Prometheus Monitor

Scrape a Prometheus /metrics endpoint and validate that a specific metric meets expected criteria.

Use Cases

Metric Validation: Ensure application metrics are within expected ranges
Health Threshold Monitoring: Alert when system metrics exceed thresholds
Prometheus Instance Health: Monitor that Prometheus scrapers are healthy and updating metrics
Custom Application Metrics: Track application-specific metrics exposed via Prometheus format

Configuration

monitors:
  - id: prometheus-request-rate
    name: Prometheus Request Rate
    type: prometheus
    interval: 2m
    timeout: 10s
    config:
      host: prometheus.internal.example
      port: 9090
      path: /metrics
      metric_name: http_requests_total
      expected_value: "1"
      comparison: gt
      skip_tls_verify: false

Configuration Fields

Field	Required	Default	Description
`host`	✓	—	Prometheus server hostname or IP address
`port`	✗	9090	Prometheus server port
`path`	✗	/metrics	HTTP path to metrics endpoint
`metric_name`	✓	—	Prometheus metric name to extract (e.g., `http_requests_total`, `up`)
`expected_value`	✓	—	Expected value for comparison (numeric or string)
`comparison`	✗	eq	Comparison operator: `eq` (equal), `gt` (greater than), `lt` (less than), `gte` (≥), `lte` (≤)
`skip_tls_verify`	✗	false	Skip TLS certificate verification (not recommended for production)

Metric Format

The monitor extracts metrics from Prometheus text format (OpenMetrics):

# HELP http_requests_total Total HTTP requests
# TYPE http_requests_total counter
http_requests_total{method="GET",status="200"} 1234
http_requests_total{method="POST",status="201"} 567

The monitor extracts the first matching metric name and uses its value for comparison.

Comparison Operators

eq: Value equals expected (default)
gt: Value greater than expected
lt: Value less than expected
gte: Value greater than or equal to expected
lte: Value less than or equal to expected

Example: Monitor Application Requests

monitors:
  - id: app-request-rate
    name: App Request Rate
    type: prometheus
    groups: [Application]
    interval: 1m
    timeout: 5s
    config:
      host: app.internal.example
      port: 8080
      path: /metrics
      metric_name: app_http_requests_total
      expected_value: "100"
      comparison: gt

This checks that the app has processed more than 100 HTTP requests.

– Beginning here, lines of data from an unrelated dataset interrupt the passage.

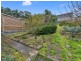 31 Wattle Avenue, Lutana TAS 7009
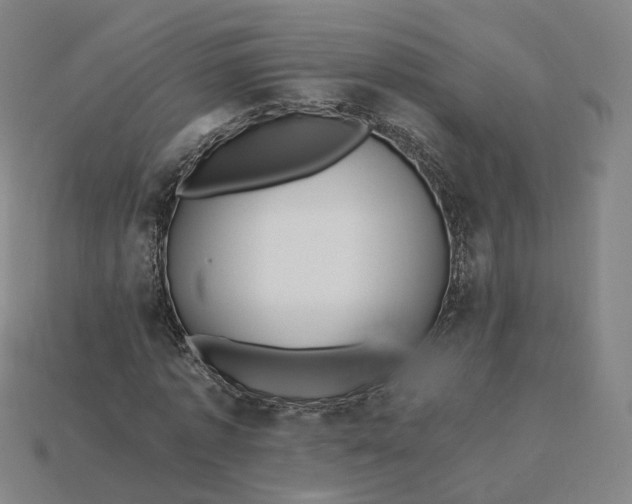 X0000115240773200911131703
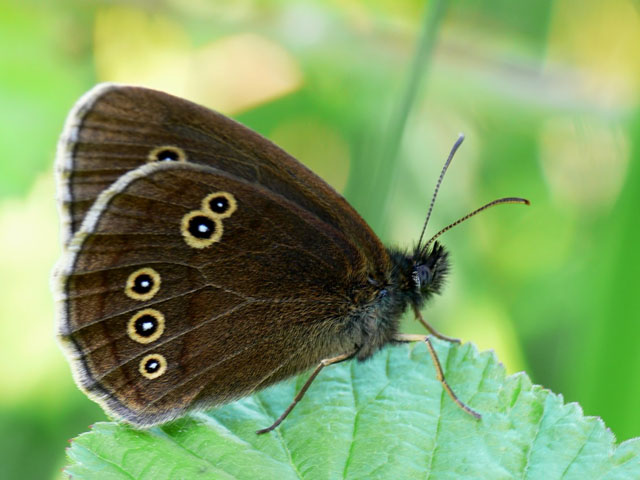 Ringlet - Aphantopus hyperantus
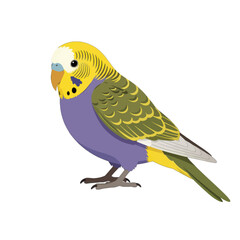 Fototapeta premium Yellow-Headed Budgerigar Parrot Vector Illustration, Isolated Transparent Background for Design and Wildlife Use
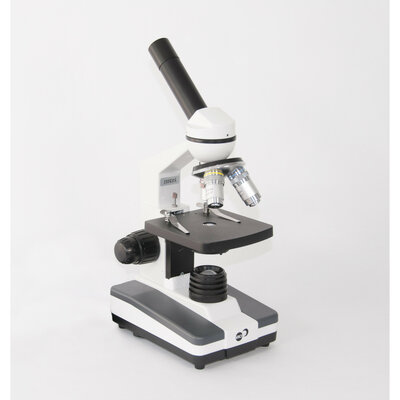 Timeline: HISTORIA DEL MICROSCOPIO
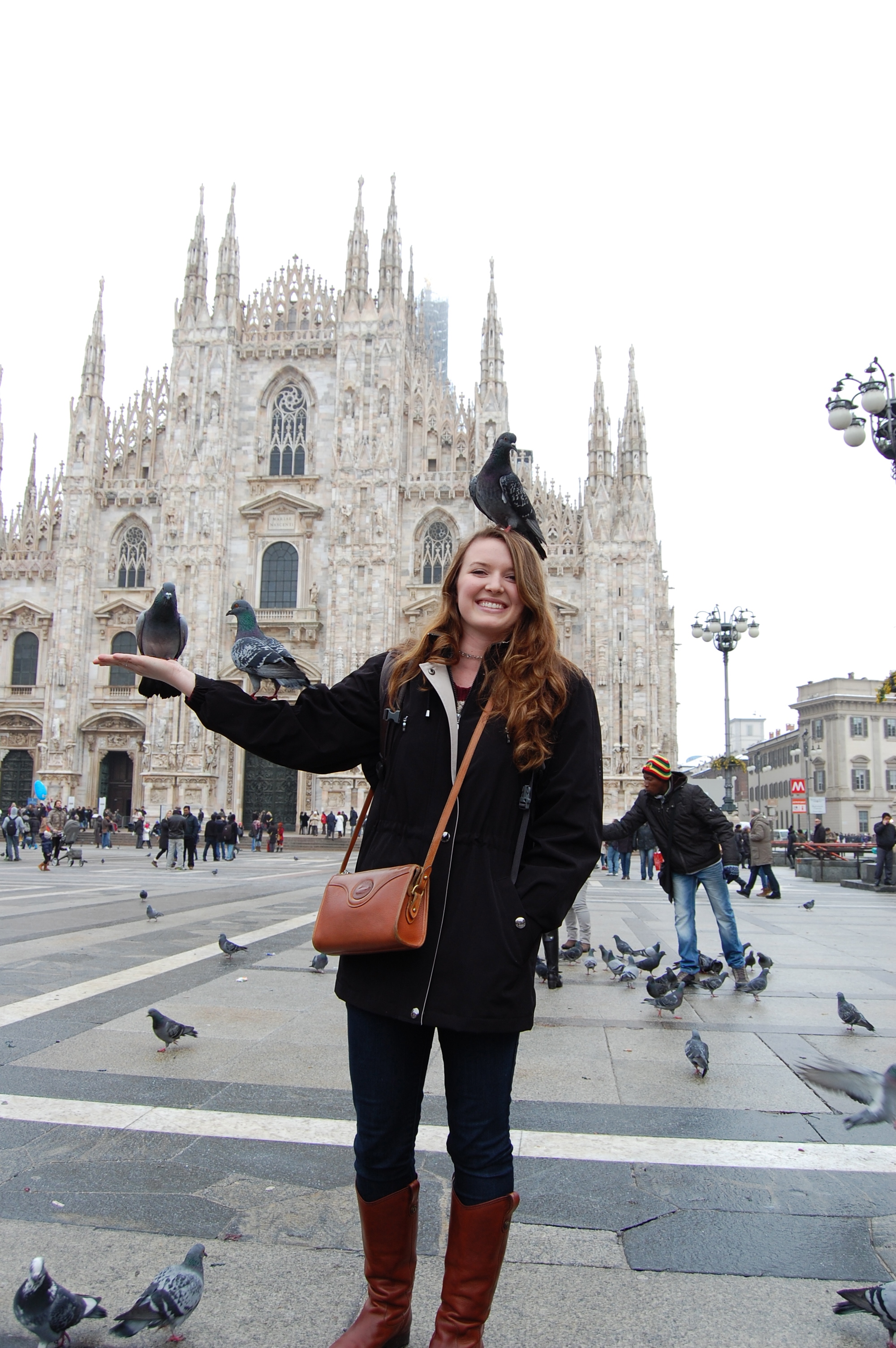 pigeons at the duomo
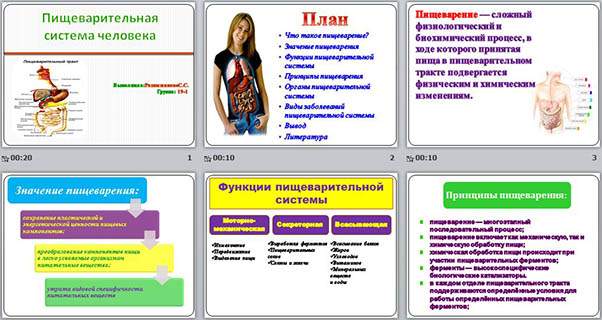 Пищеварительная система и современное питание школьников проект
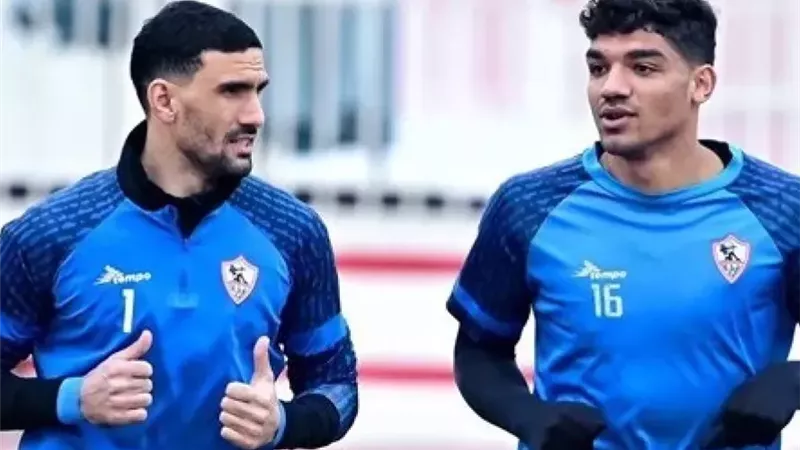 محمد صبحي ومحمد عواد
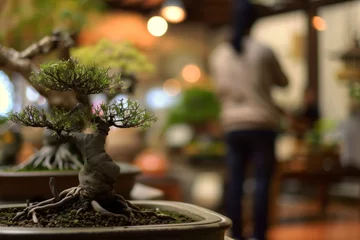 Fotobehang foreground focus on bonsai with blurred person in background © Alfazet Chronicles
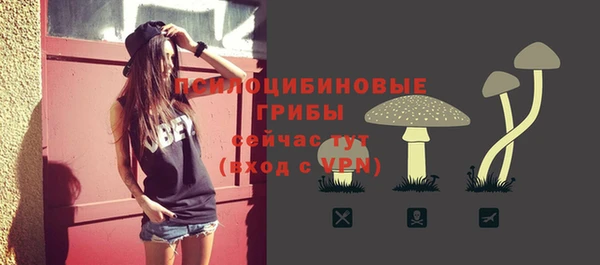 стафф Волосово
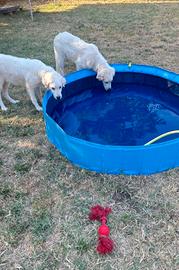 piscina cani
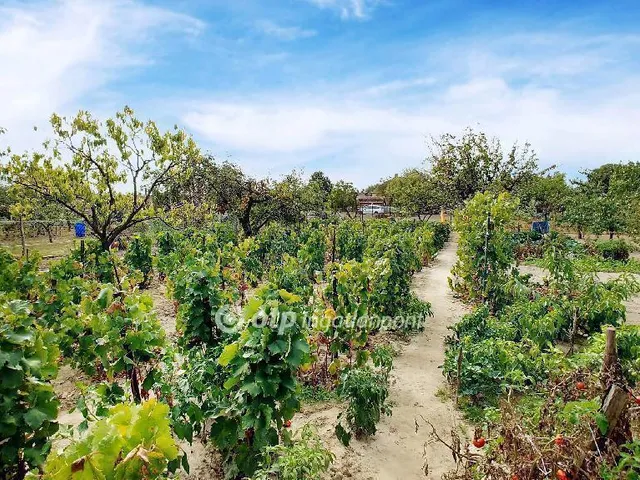 Eladó ház Abony 46 nm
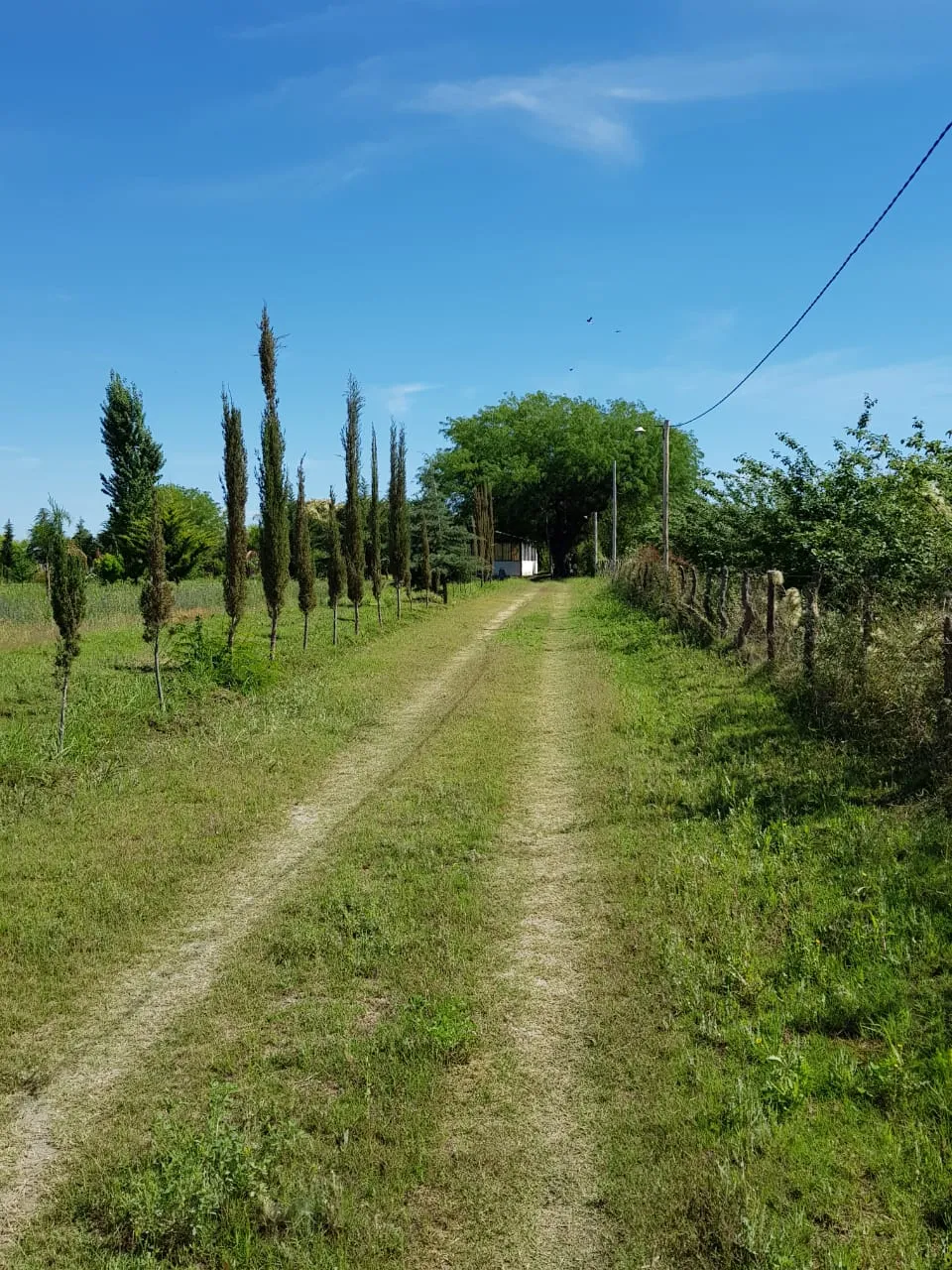 VENTA- TERRENO DE 2 HAS- SAUJIL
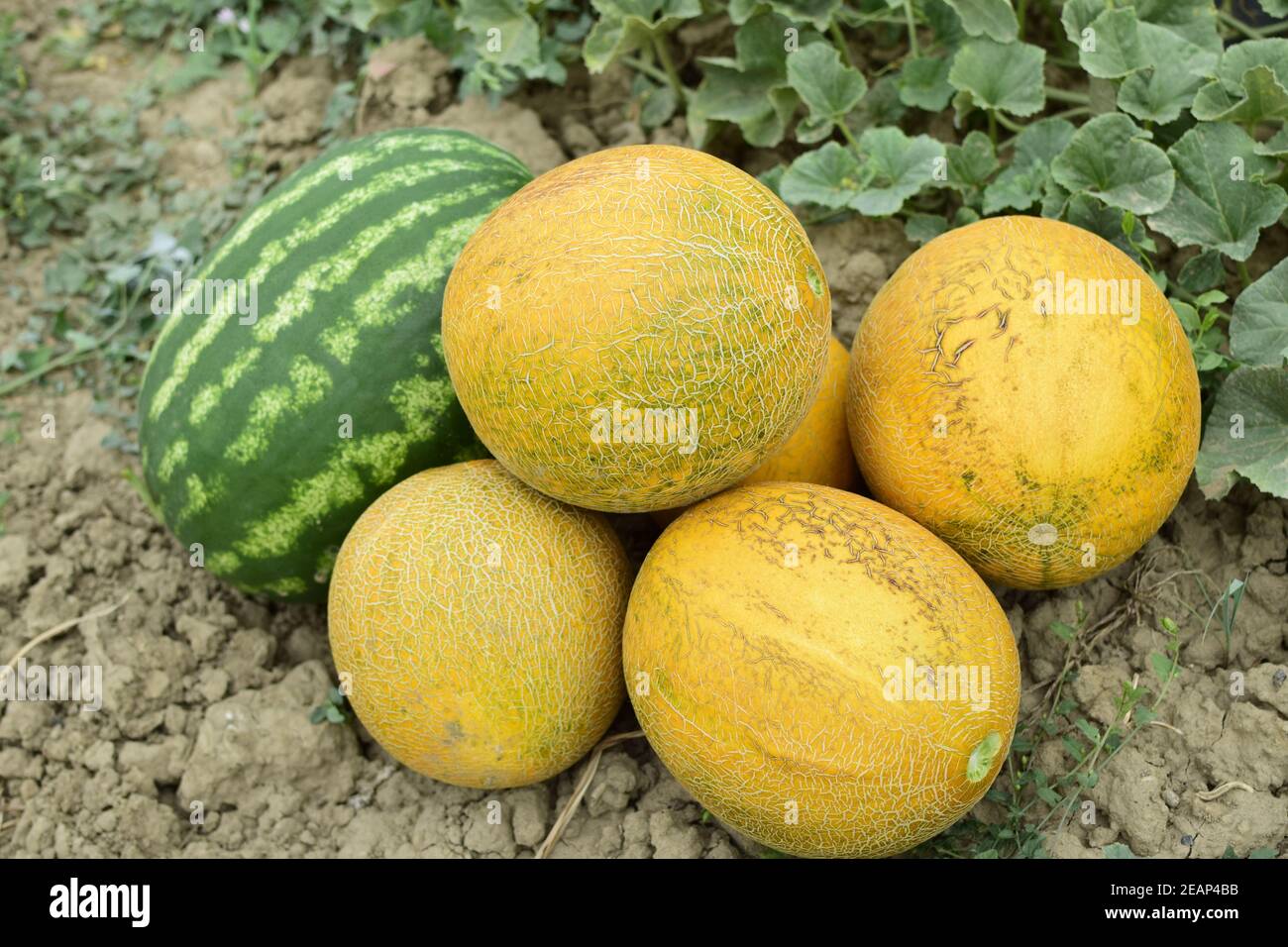 Reife Melone und Wassermelone der neuen Ernte. Stockfoto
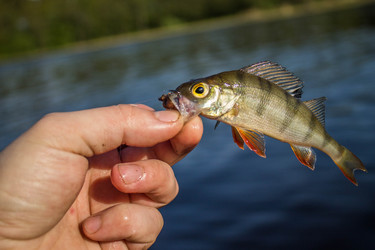 Similar image 11457826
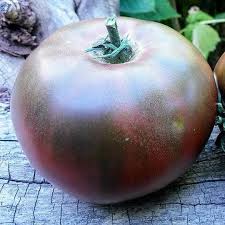 Afbeeldingsresultaat voor 1884 purple tomato
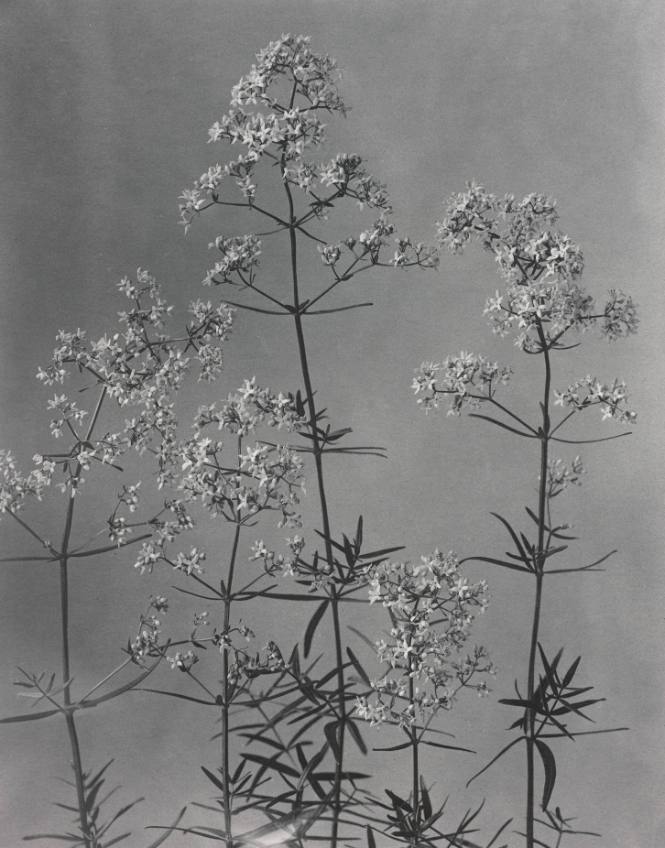 Galium boreale (Northern Bedstraw), plate 216 from Wildflowers of New England (Pittsfield, MA, 1914)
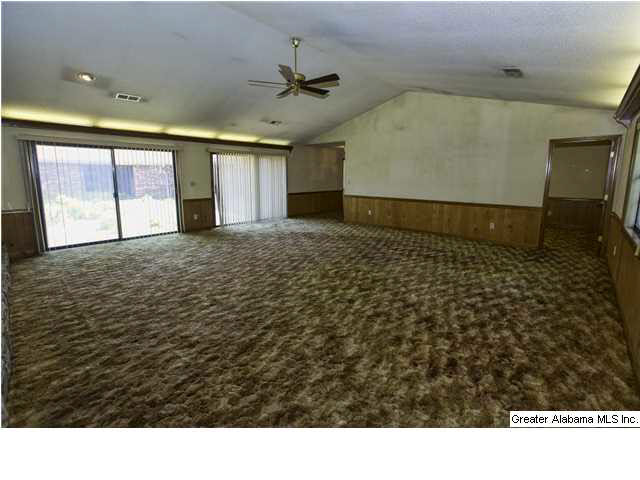 3706 Mt Olive Road Mount Olive, AL 35117 - Photo 6 of 20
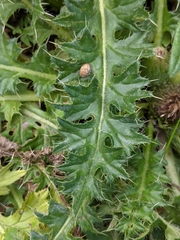 Cirsium acaule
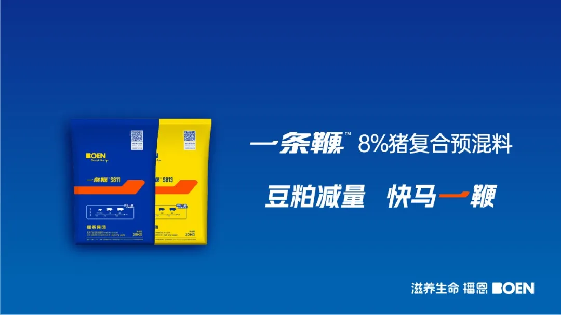 20241231113933_78230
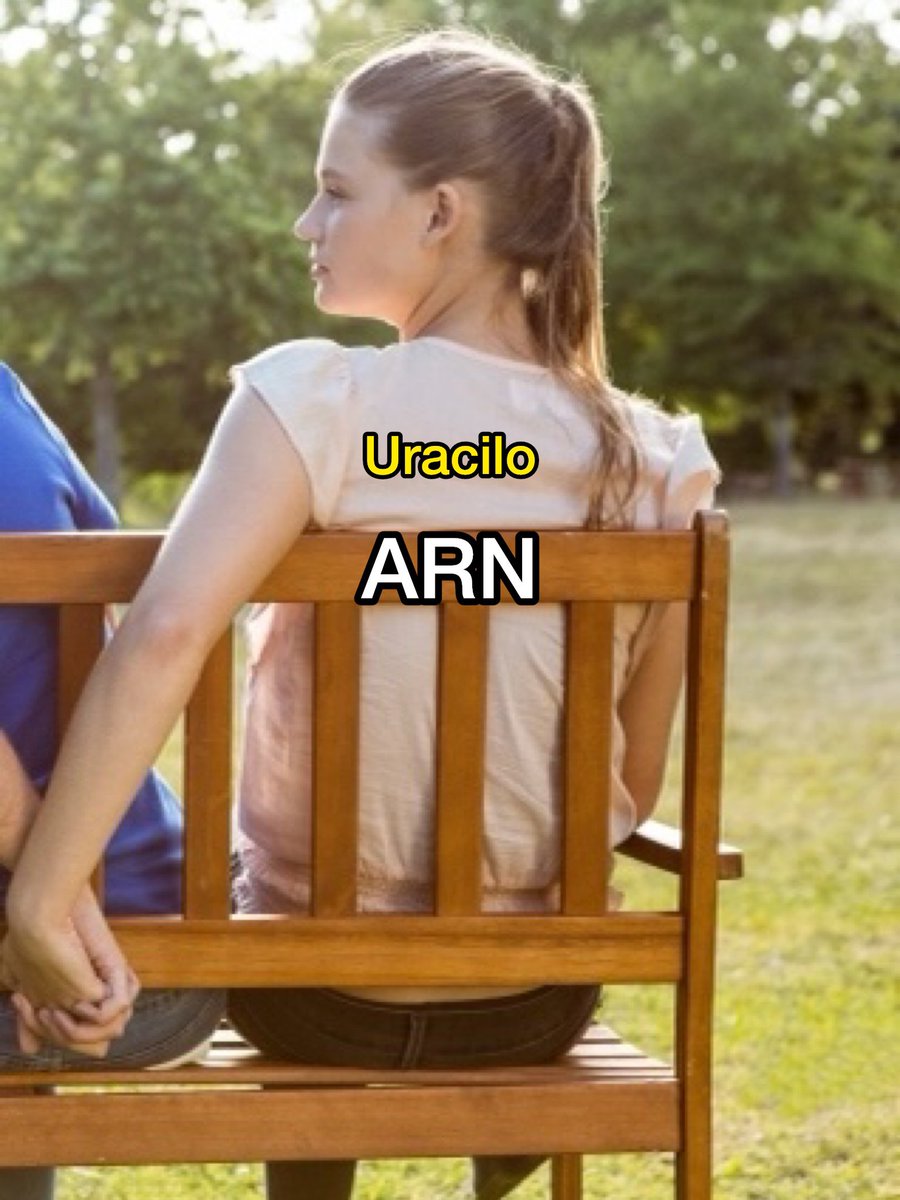 AcademiaOsorio's tweet photo. https://t.co/ELwpQC0kEm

Example: Monitor System Health

monitors:
  - id: prometheus-up
    name: Prometheus Up
    type: prometheus
    groups: [Observability]
    interval: 5m
    timeout: 10s
    config:
      host: prometheus.internal.example
      port: 9090
      metric_name: up
      expected_value: "1"
      comparison: eq

This checks that the up metric (standard Prometheus metric) is 1 (healthy).

Metadata

The monitor captures the following metadata in check results:

{
  "metric_name": "http_requests_total",
  "value": "1234",
  "expected": "1000",
  "comparison": "gt"
}

Common Issues

Metric not found: Ensure the metric is exposed by the Prometheus target and the metric name matches exactly (metric names are case-sensitive).

TLS certificate errors: Use skip_tls_verify: true only in development. For production, ensure the certificate is valid or use a proxy with valid certificates.

Timeout errors: Increase the timeout if the Prometheus instance is slow to respond or the metrics endpoint is large.